Resurrecting Polaroid Film?

When I first read about this, I had trouble believing it. They are serious about this. I could see an eccentric billionaire doing this as a hobby, but can’t see how this can be a profitable venture. Let’s see if they prove me wrong.

http://www.usnews.com/money/personal-finance/articles/2010/02/19/suddenly-instant-photos-are-everywhere.html

It would be helpful when you take photos as a photographer or of your friends when you are out. You snap the Pic print one out for your friend and it stays on your digital camera for you. I think its a good Idea. However what will it cost?  

A battery powered inkjet photo printer seems more practical. There were some digital cameras with a built in printer, however they didn’t seem very popular. I guess either the print quality wasn’t so good, or the cost per print was too high.

It would be nice if digital cameras would have 2 card slots, so at a wedding or other gathering copies of favorite photos can be given to people on an SD card. I am surprised that 1 GB SD cards never really got cheap. I was hoping that 20 packs of them could be available for under $20.

Hey, many of the younger generation have no clue as to the durability and quality of the original Polaroid Land film.  They grew up with a Nintendo, and everything has been “instant gratification” since childhood.

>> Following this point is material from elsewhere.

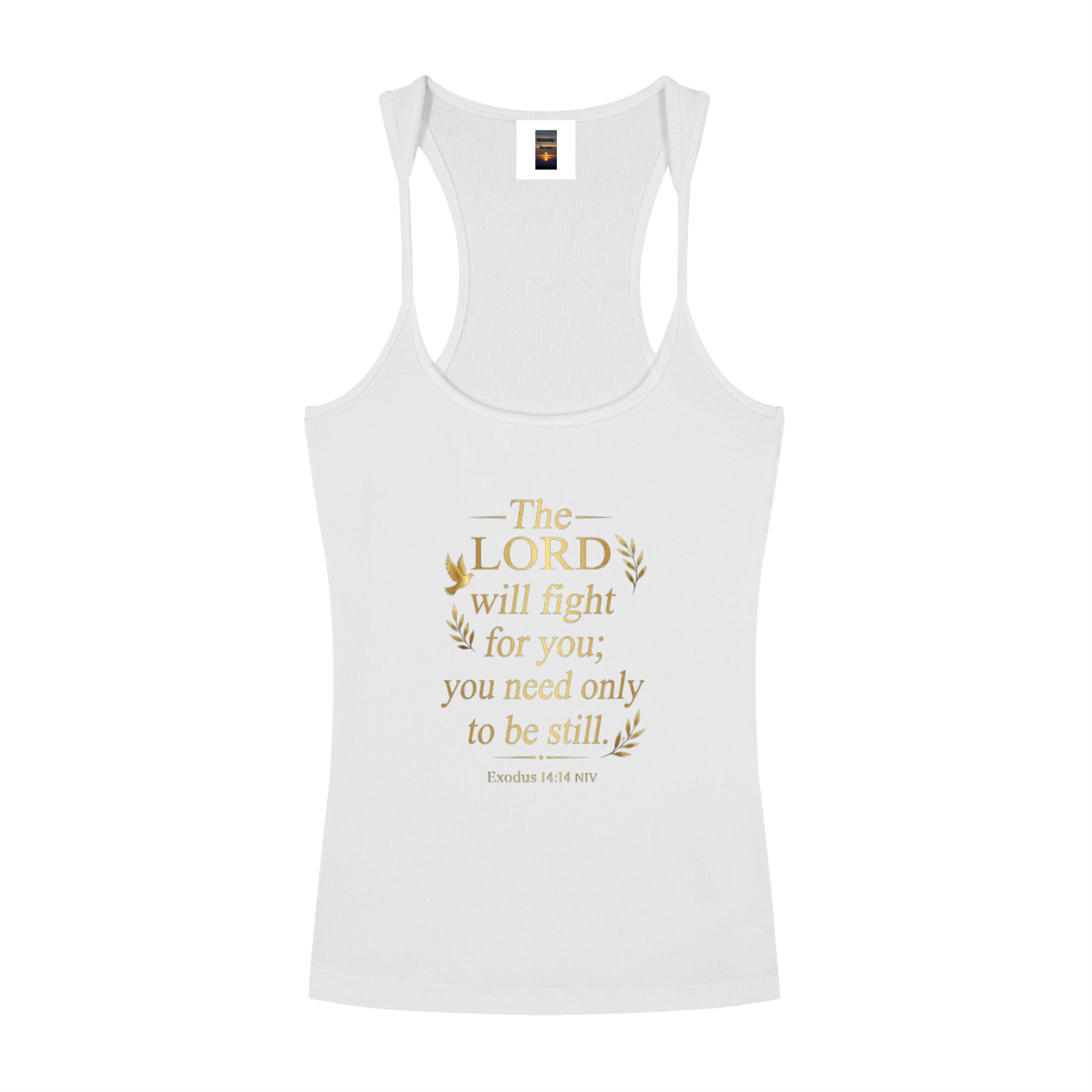 Slim Fit Ribbed Racerback Tank Top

The Polaroid camera offered instant quality prints.  The “SX70” version, the later ones with the thick photograph, and a thick border at the bottom, never pleased my eyes as well as the original “pull-tab” version.  Coincidentally, my mother just sent me a gift, a 1970 Polaroid family photo, color, with my dad holding me on his lap.  My brothers and sisters are all sitting along side, on the couch, with my little sister, the baby, on Mummy’s lap.  The photo has excellent color, and it’s razor sharp.

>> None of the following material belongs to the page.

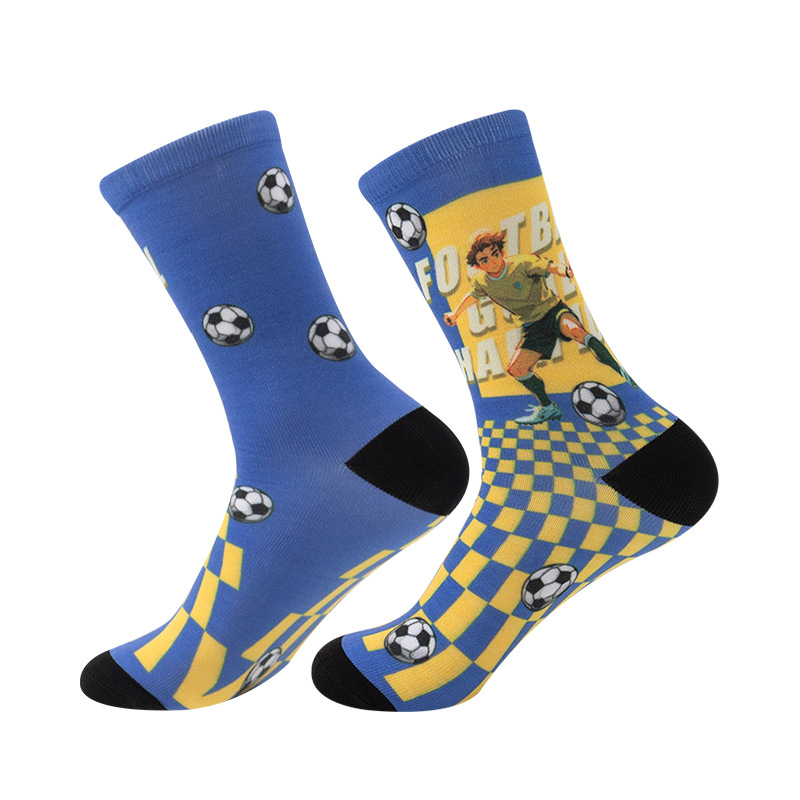 Colorful Cartoon Printing Logo Sports Crew Socks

Polaroids are great with the Hasselblad, as proofs, when setting up a studio shot.  A digital back costs as much as a Porsche in this format.  There’s a handy Polaroid film back for the Hassy.  Running with studio strobes and reflectors, the instant shot is quite helpful.

For legal, evidence applications (forensics), digital can be a tenuous medium, as the integrity of the image can be questioned.  Photographic emulsions are difficult to replicate, much less “doctor”, so they’re useful for evidence needs.

Digital imaging is fun, and it’s improving by leaps and bounds.  The contrast ratio of digital is improving, it’s Achilles’ Heel, in my opinion.  It’s hard to capture those shadow details with digital, and the image blooms out readily, with the color saturation a real pickle to deal with. In low light areas, digital sometimes works well, and at others, the resolution falls drastically.

Bob  :smileyvery-happy:

neutron_bob wrote:

Hey, many of the younger generation have no clue as to the durability and quality of the original Polaroid Land film.  They grew up with a Nintendo, and everything has been “instant gratification” since childhood.

 

The Polaroid camera offered instant quality prints.  The “SX70” version, the later ones with the thick photograph, and a thick border at the bottom, never pleased my eyes as well as the original “pull-tab” version.  Coincidentally, my mother just sent me a gift, a 1970 Polaroid family photo, color, with my dad holding me on his lap.  My brothers and sisters are all sitting along side, on the couch, with my little sister, the baby, on Mummy’s lap.  The photo has excellent color, and it’s razor sharp.

 

Polaroids are great with the Hasselblad, as proofs, when setting up a studio shot.  A digital back costs as much as a Porsche in this format.  There’s a handy Polaroid film back for the Hassy.  Running with studio strobes and reflectors, the instant shot is quite helpful.

 

For legal, evidence applications (forensics), digital can be a tenuous medium, as the integrity of the image can be questioned.  Photographic emulsions are difficult to replicate, much less “doctor”, so they’re useful for evidence needs.

 

Digital imaging is fun, and it’s improving by leaps and bounds.  The contrast ratio of digital is improving, it’s Achilles’ Heel, in my opinion.  It’s hard to capture those shadow details with digital, and the image blooms out readily, with the color saturation a real pickle to deal with. In low light areas, digital sometimes works well, and at others, the resolution falls drastically.

 

Bob  :smileyvery-happy:

 I still work with a Polaroid that was from the late 1970s maybe early 1980s (My Dad bought it new but cant remember when). I use it almsot daily and film is EXPENSIVE infact I have started to have to order from amazon and “Retro Camera” shops.

The original camera, a grey clamshell, collapsible bellows and all, still works beautifully.  The motorized versions had a far shorter lifespan.

Most folks know little about the “Land” name on that camera.  Mr. Land made significant contributions years ago in the development of satellite imagery.  Without it, the Cold War may indeed have grown quite hot.

I was pleased to see the Polaroid name on an HDTV this last weekend.  Times have changed.